I just happened to stumble across an excellent blogpost the other day detailing the most common logical fallacies. The examples used to illustrate each fallacy all relate to the bogus arguments deployed by proponents of a legal ban on sex work and/or pornography, but it was a very timely find given Nick Clegg's bizarre attempt to paint the huge number of people who believe in either independence or the status quo as 'extremists' -
"Mr Clegg said the Lib Dems vision of Home Rule represented the views of the Scottish people and argued that those who were for independence, or keeping the current constitutional settlement, were extremists.
“All the evidence suggests that is the mainstream of opinion and the extremists are those who either think that we need to yank Scotland out of the United Kingdom tomorrow, or those who say there should be no further change at all,” Mr Clegg said."
One of the fallacies explained in the blogpost is "Middle ground: the belief that the truth must be somewhere in the middle". Off the top of my head, here's an example...
Proposition 1 - Nick Clegg should be sentenced to thirty years' hard labour for fraudulently securing votes on the promise that the Liberal Democrats would vote against an increase in tuition fees.
Proposition 2 - Nick Clegg should be spared jail for fraudulently securing votes on the promise that the Liberal Democrats would vote against an increase in tuition fees, but should certainly be expected to resign forthwith.
Proposition 3 - Nick Clegg should be forgiven for fradulently securing votes on the promise that the Liberal Democrats would vote against an increase in tuition fees, and allowed to remain as Lib Dem leader for now.
In this instance, hard labour and forgiveness are clearly the 'extreme' options, which leaves resignation as the only moderate, reasonable, sensible course of action. And as Clegg is apparently keen to pray in aid the relative popularity of each constitutional option, it should also be noted that calls for his resignation represent 'mainstream opinion' in Scotland. Open and shut case, methinks - anyone who doesn't think Nick Clegg should resign immediately is clearly an extremist on a par with Nick Griffin.

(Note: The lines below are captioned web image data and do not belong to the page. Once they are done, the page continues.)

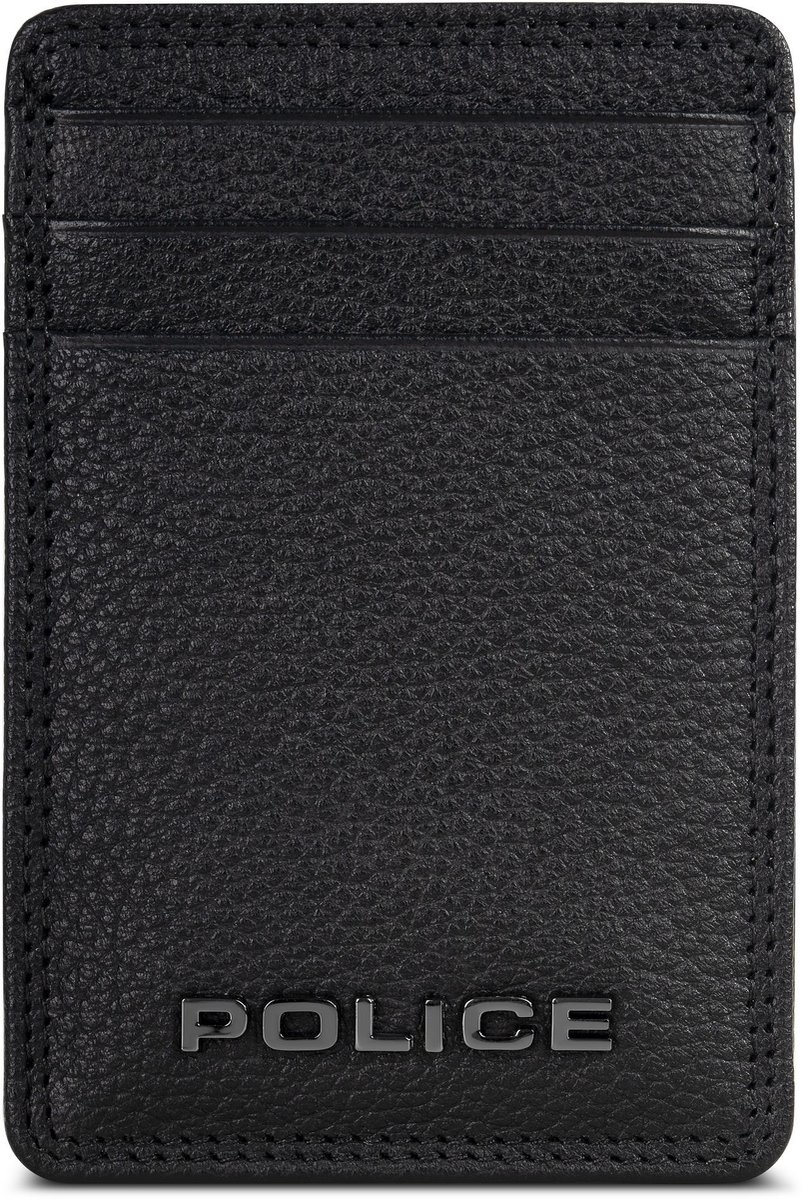 Police Kredietkaart etui RFID-bescherming Leer 7 cm - 3 Sleuven - black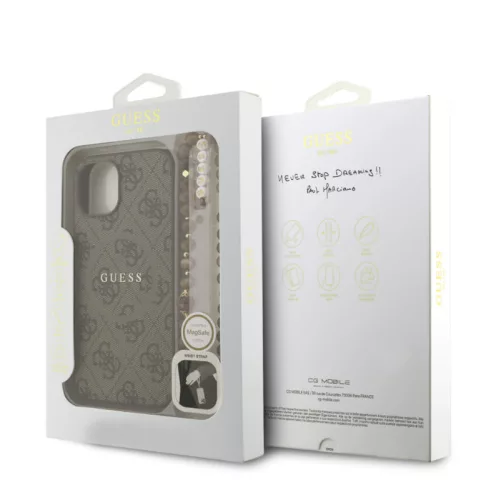 Guess PU Leather MagSafe Apple iPhone 15 Pro Max (6.7) hátlapvédő tok barna (GUHMP15XP4GREGSW)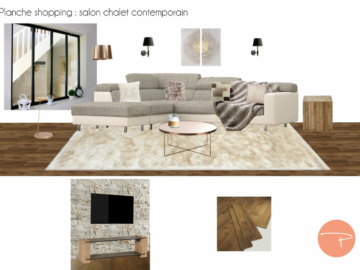 Planche shopping d'un salon chalet contemporain avec table basse ronde en cuivre et tapis poils longs beige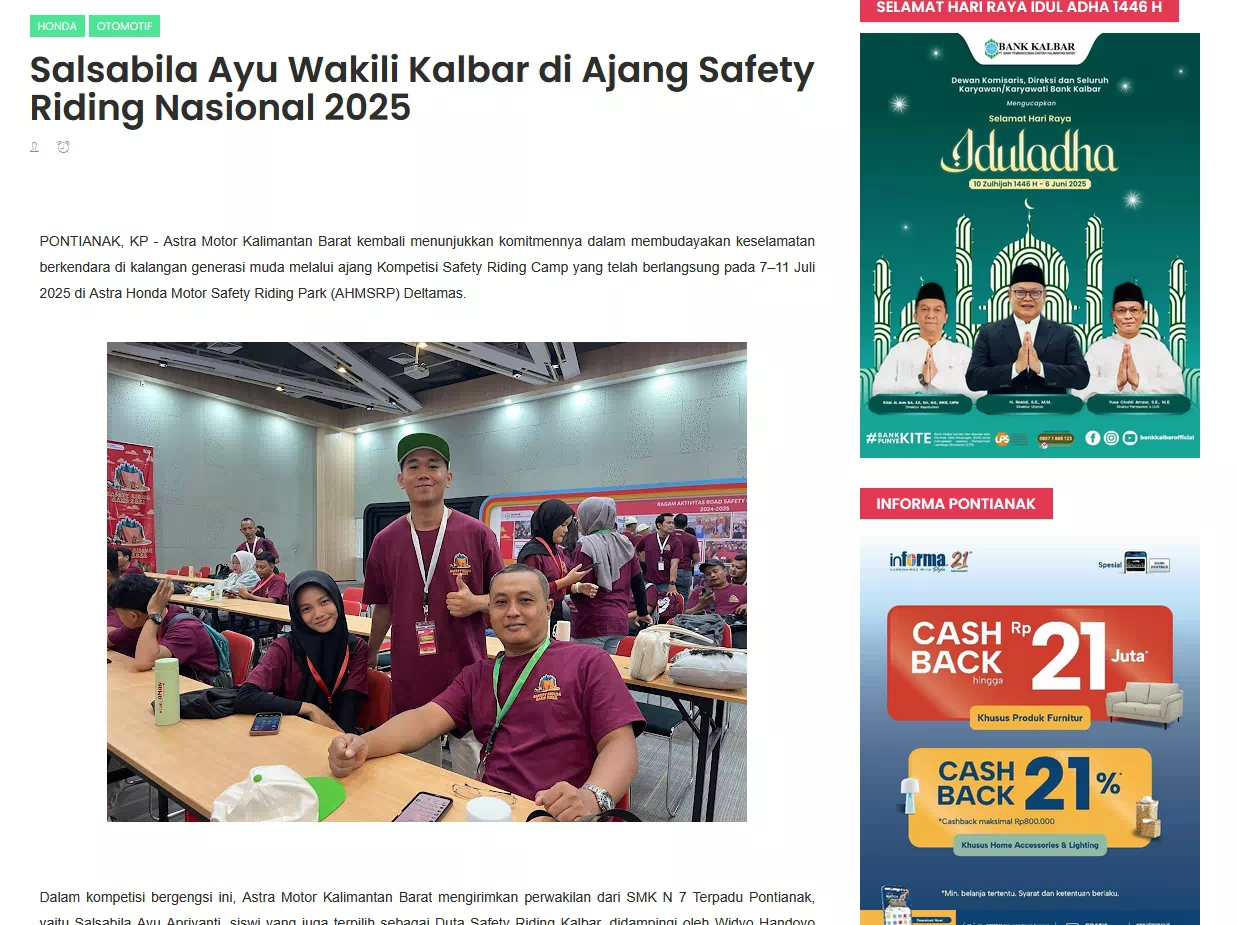 Salsabila Ayu Wakili Kalbar di Ajang Safety Riding Nasional 2025
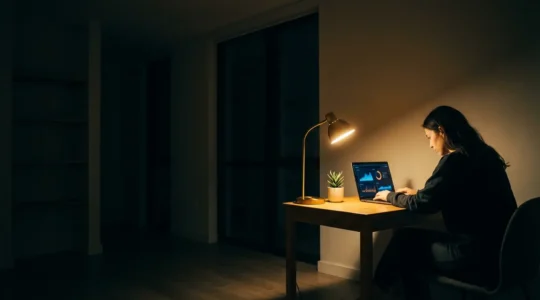 Entrepreneur travaillant tard dans un bureau minimaliste, symbolisant le bootstrapping d'un SaaS B2B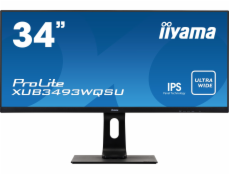 34  iiyama XUB3493WQSU-B: IPS, UWQHD, 400cd/m2, 4ms, HDMI 2.0, DP 1.2, USB, height, černý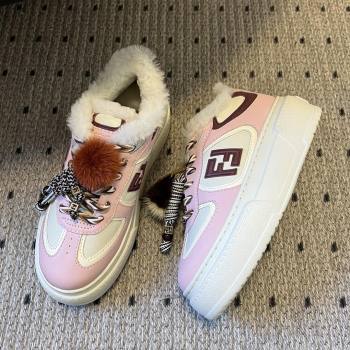 Fendi Match Low Top Platform Shoes in White Leather Shearling with Charm Pink 2025 (MGN-25122909)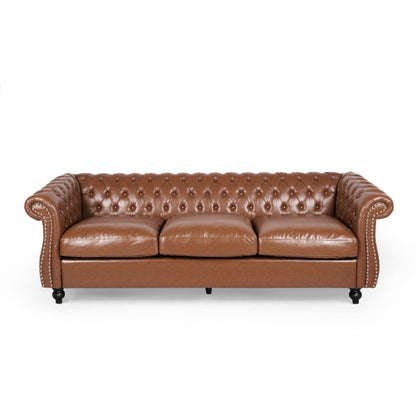 Divano Chesterfield a 3 posti con bottoni e borchie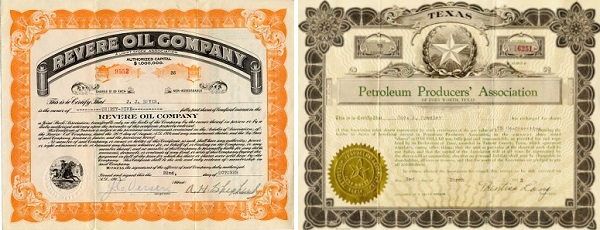 Revere Oil Company and the Petroleum Producers' Association certificates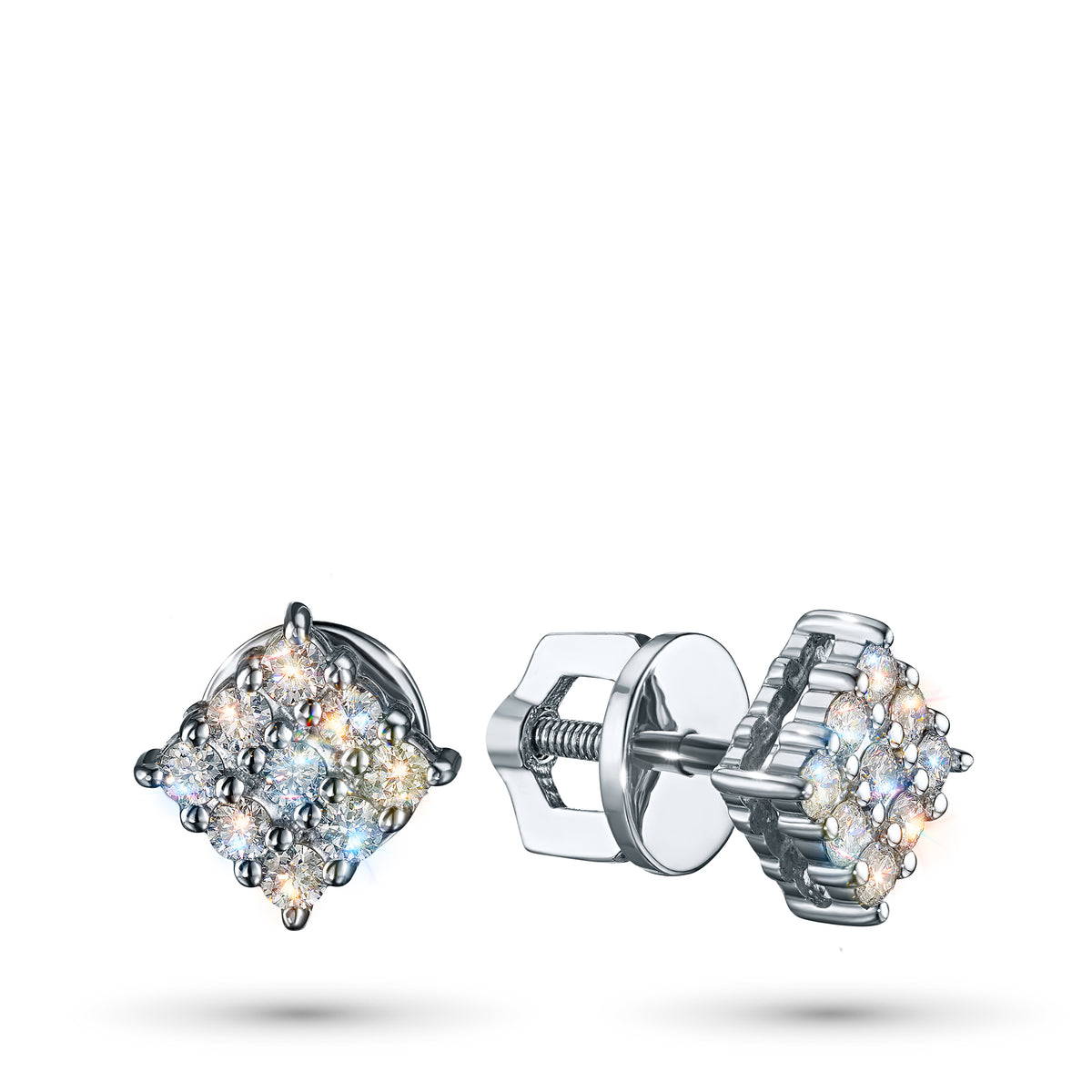 14K White Gold Earring Studs with Natural Diamonds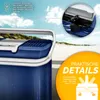 A blue and white cooler box is shown on a beach with a close-up inset of its interior and a graphic highlighting its features. Podgląd zdjęcia produktu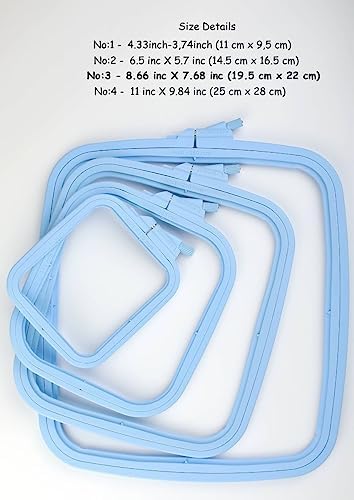 Nurge Square Embroidery Hoop - Plastic Cross Stitch Frame for Needlepoint & Embroidery - Adjustable Craft Hoop - Blue - No:3 (Medium)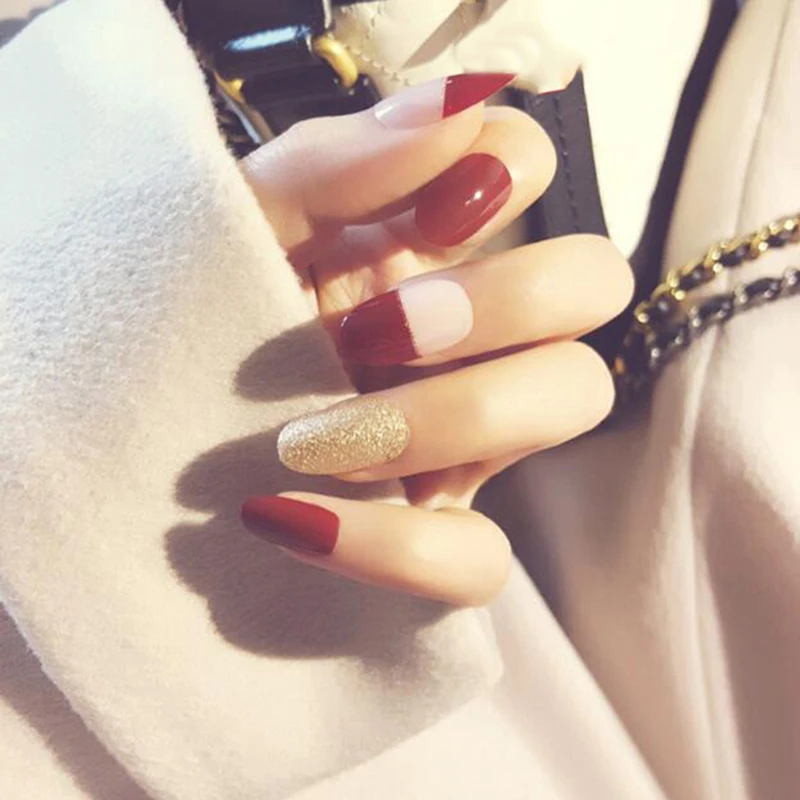 24pcs/set Women's Stylish French Style Diy Manicure Art Tips False Nails With Glue Fake Nails Glitter Nail Gel Polish
24pcs/set Women's Stylish French Style Diy Manicure Art Tips False Nails With Glue Fake Nails Glitter Nail Gel Polish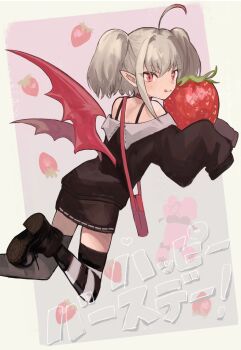 1girl :q ahoge ankle_boots bag bare_shoulders black_boots black_jacket black_skirt black_thighhighs blush boots collar colored_tips demon_wings dyed_ahoge fang flying food from_behind fruit full_body grey_hair hair_between_eyes handbag happy_birthday highres holding holding_food holding_fruit jacket looking_at_viewer looking_back makaino_ririmu makaino_ririmu_(2nd_costume) medium_hair miniskirt multicolored_hair nananamyara nijisanji off-shoulder_jacket off_shoulder platform_boots pointy_ears red_bag red_collar red_eyes red_streaks red_wings shoe_soles shoulder_bag sidelocks skirt sleeves_past_fingers sleeves_past_wrists solo strawberry strawberry_background streaked_hair striped_clothes striped_thighhighs thighhighs tongue tongue_out twintails virtual_youtuber white_thighhighs wings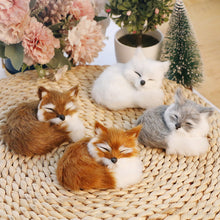 Load image into Gallery viewer, Simulation Mini Fox Model Cute Imitation Laying Sleeping Sitting Fox Ornaments Children Birthday Gifts Home Decoration Plush Figures Craft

Incidentally, I was intrigued to see in the Scotsman article that Clegg defines himself (rather like Ken Macintosh) as a 'devolutionist, not a unionist'. But at the Political Innovation conference just over a year ago, I clearly remember Caron Lindsay repeatedly insisting that the Lib Dems are a 'federalist, not a unionist' party. Whatever happened to that? Federalism and devolution are qualitatively very different concepts - albeit both very much unionist ones in the literal sense of the word.